10 En als hij om een vis vraagt, geef je hem toch geen slang?
11 Dus ook al zijn jullie slecht, toch kunnen jullie goede dingen aan jullie kinderen geven. Dan zal jullie hemelse Vader toch zéker goede dingen geven als mensen Hem daarom bidden?
12 Behandel de mensen zoals jullie door hen behandeld zouden willen worden. Want dat is wat de Boeken van de Wet en de Profeten bedoelen."
13 [ Jezus zei tegen zijn leerlingen: ] "Ga binnen door de smalle poort. Want de poort naar de dood is wijd, en de weg daar naartoe is breed. En er zijn heel veel mensen die die weg nemen en door die poort binnengaan.
14 Maar de poort naar het leven is nauw, en de weg daar naartoe is smal.
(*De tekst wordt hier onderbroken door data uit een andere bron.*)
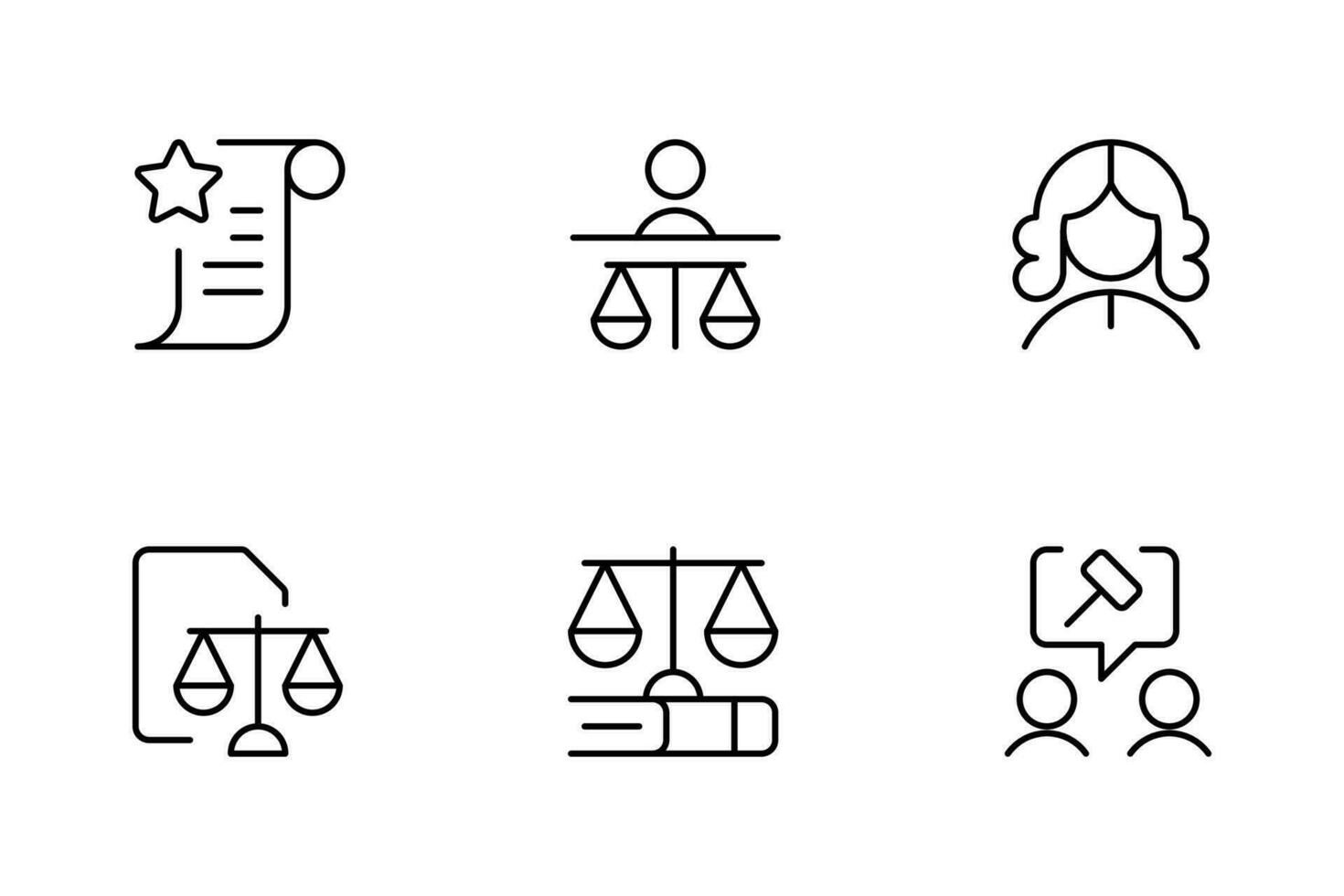 légal les documents Icônes. loi, juge, Justice ligne icône ensemble. vecteur illustration. linéaire modifiable accident vasculaire cérébral. doubler, solide, plat doubler, mince style et adapté pour la toile page, mobile application, interface utilisateur, ux conception.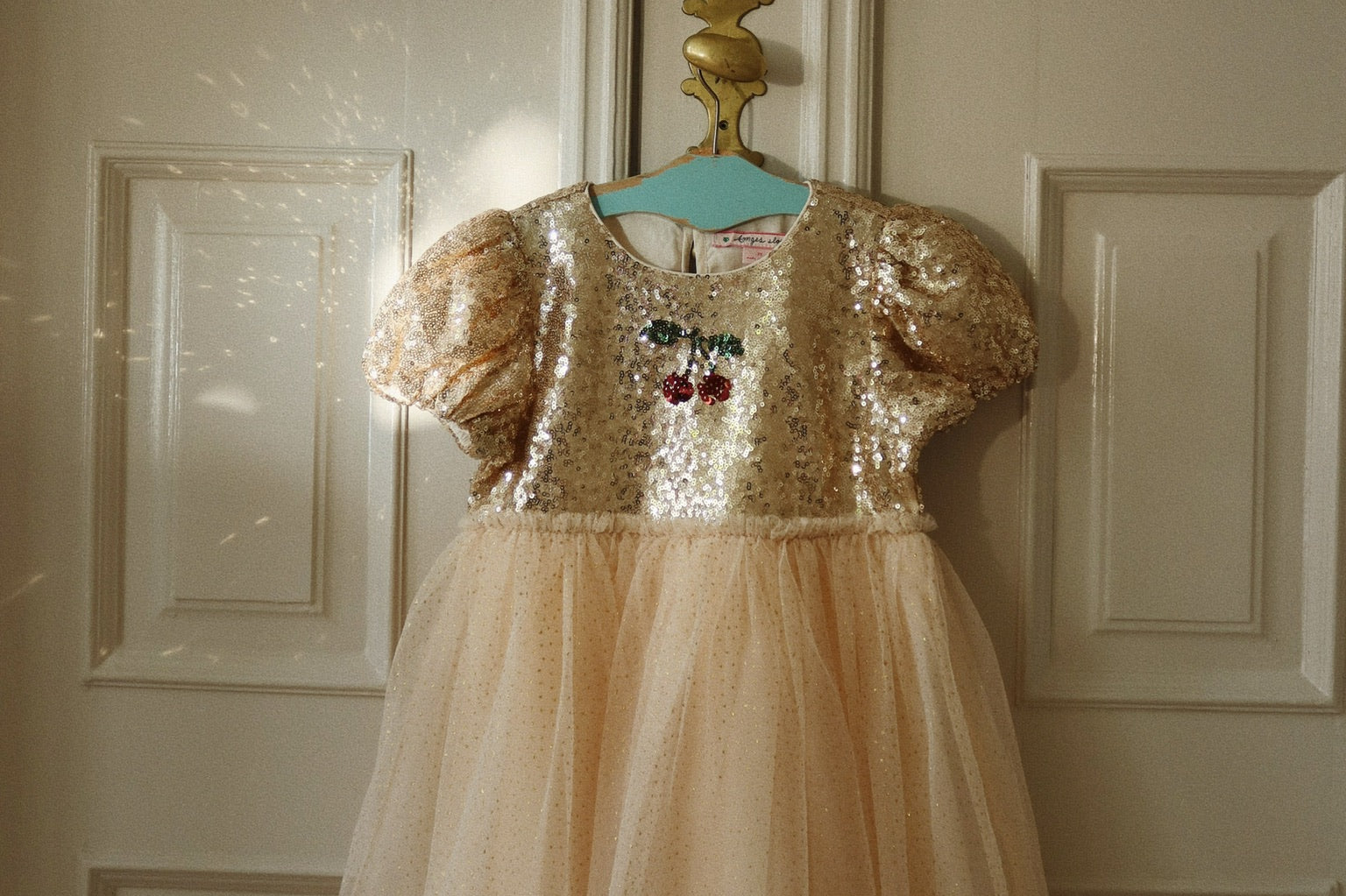 KONGES SLOJD STARLA PUFF SLEEVE DRESS GOLD BLUSH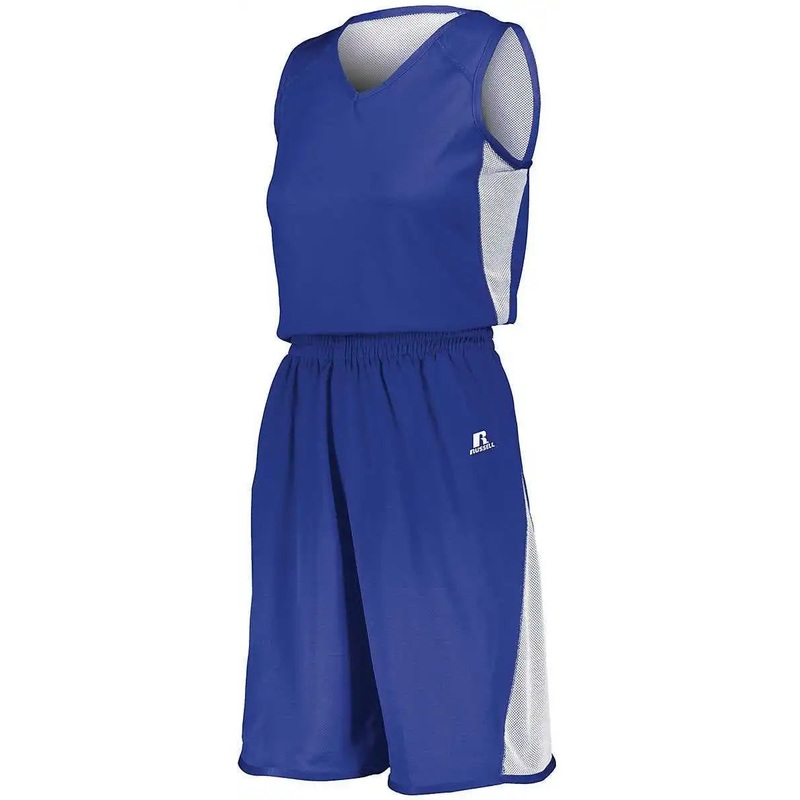 Russell 5R5DLX Ladies Undivided Single Ply Reversible Jersey – Royal White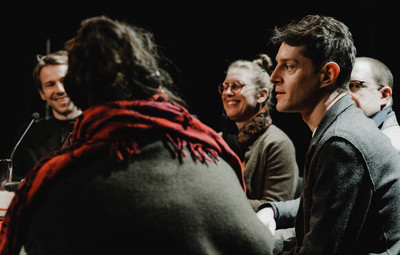 Utrinki z Okrogle mize Hiša za goste: Umetniška svoboda na kocki - gledališče v politično zaznamovanih kontekstih <em>Foto: Maša Pirc</em>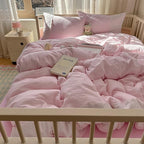 mixinni Pink Gingham Duvet Cover Twin Size - Image 4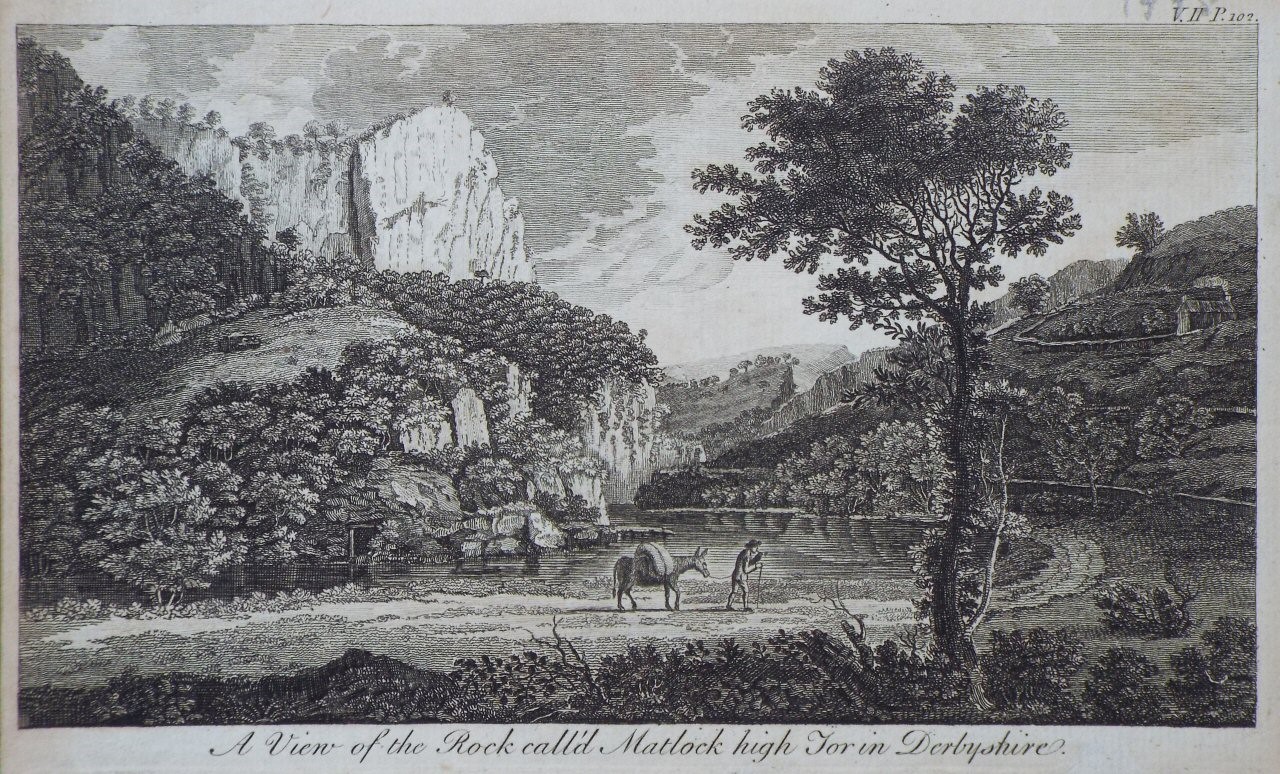 Print - A View of the Rock call'd Matlock High Tor, in Derbyshire.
Er zijn maar weinig mensen die die weg en die poort vinden."
15 [ Jezus zei tegen zijn leerlingen: ] "Pas op voor leugen-profeten. Zij beweren dat ze namens God spreken terwijl dat helemaal niet zo is. Je kan hen vergelijken met wolven die zich vermomd hebben als schapen. Ze zien er onschuldig uit, maar van binnen zijn ze verslindende wolven.
16 Je kan zulke mensen duidelijk herkennen aan de manier waarop ze leven. Het is net als met vruchten: aan een doornplant zul je geen druiven vinden en aan een distel geen vijgen.